On my first cut, I felt the magic... Cool knife, sharp and very reactive, I cutted those grilled peppers and the first impression was good.

The next time I had the chance of doing something more substantial... I took some tomatoes that needed to be sliced, and everything went fine...With the first tomato, with the second I started getting the feeling of a dull knife... Sad thing...I honed it a little with the Idahone 1200 rod and it worked fine again...For a couple of tomatoes more...WTF???/img/vbsmilies/smilies/frown.gif

Is this the mythical Masamoto HC?... I can't believe it... There must be something wrong, this can't be happening, was my first tought.

Was the 8000 stone too much for the knife?...Was I getting an "slippery" edge?...To me it felt dull, but I wanted to think that there must be something that I was doing wrong.

The next day I paid a visit to my mum's house and asked for her 21 Cm Mac to get a fair comparison.
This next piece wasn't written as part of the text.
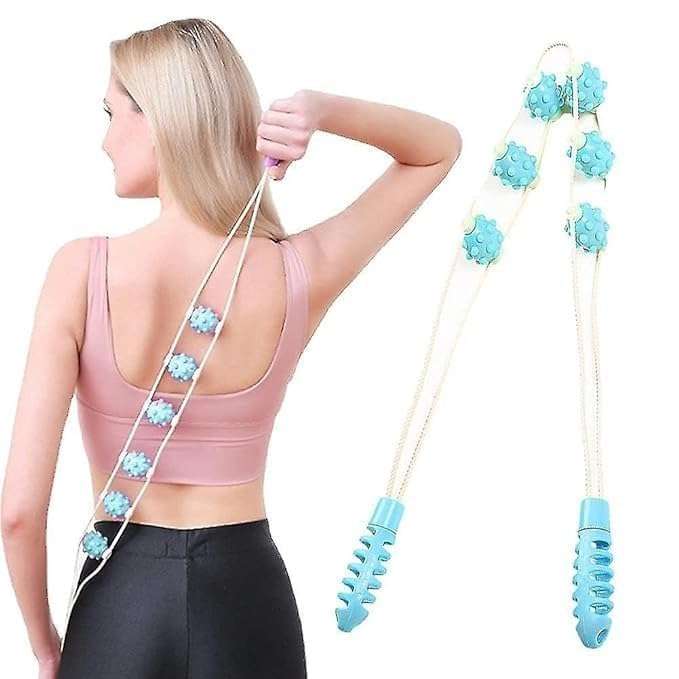 CASSARINA Body Muscle Rope Back Massage Roller Massage Ropper Rope Manual Masage Belt Massage Rolle
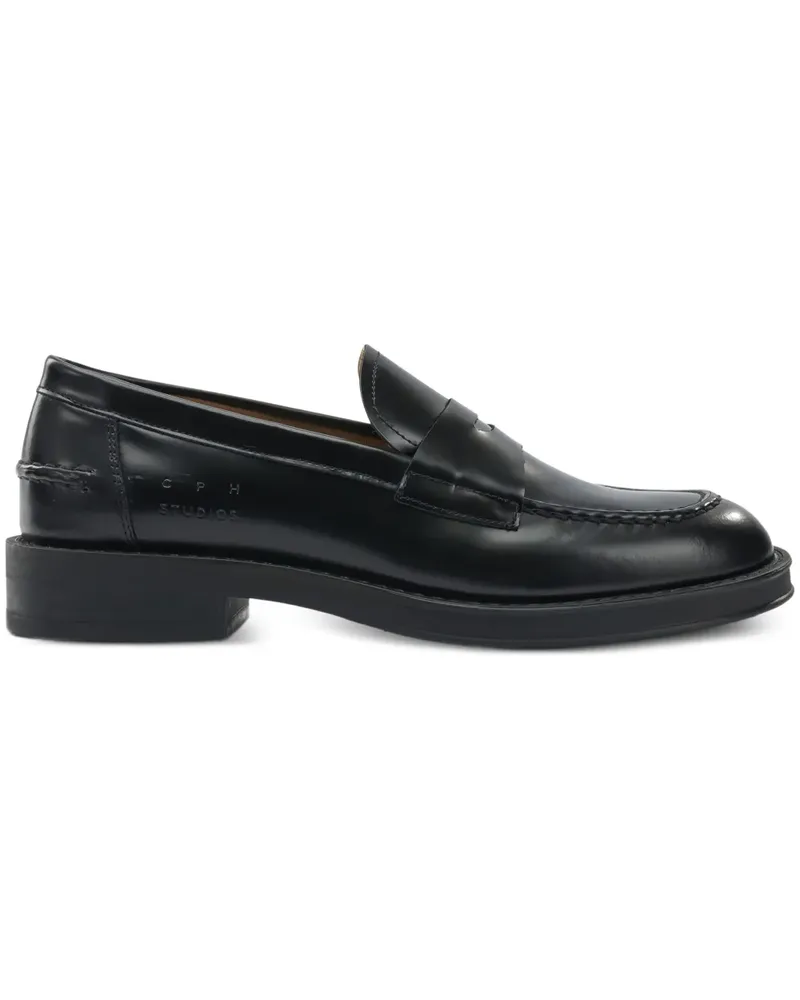 Copenhagen Loafer mit Nieten - Schwarz Schwarz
I sharpened both at the same time, same progression starting from 1200, same angles (I gave to my mac and to my mum's mac an asimetrical edge that looks pretty much like the one that the Masamoto has originally) and checked them with my 20x magnification glass to see if I was doing something wrong, but nothing, everything looked fine.

I took both knives to my kitchen in the restaurant, I told my prep guy to help me with some other tasks and I took his position, I divided the scallions, the tomatoes, the onions, the cilantro, the serrano peppers, the bell peppers, and the shallots in two equal parts. I was going to give an equal test to both knives...Long story short...The Mac was the winner by far on the edge retention department...Something had to be wrong, maybe I got a lemon...Who knows? I was puzzled and disappointed.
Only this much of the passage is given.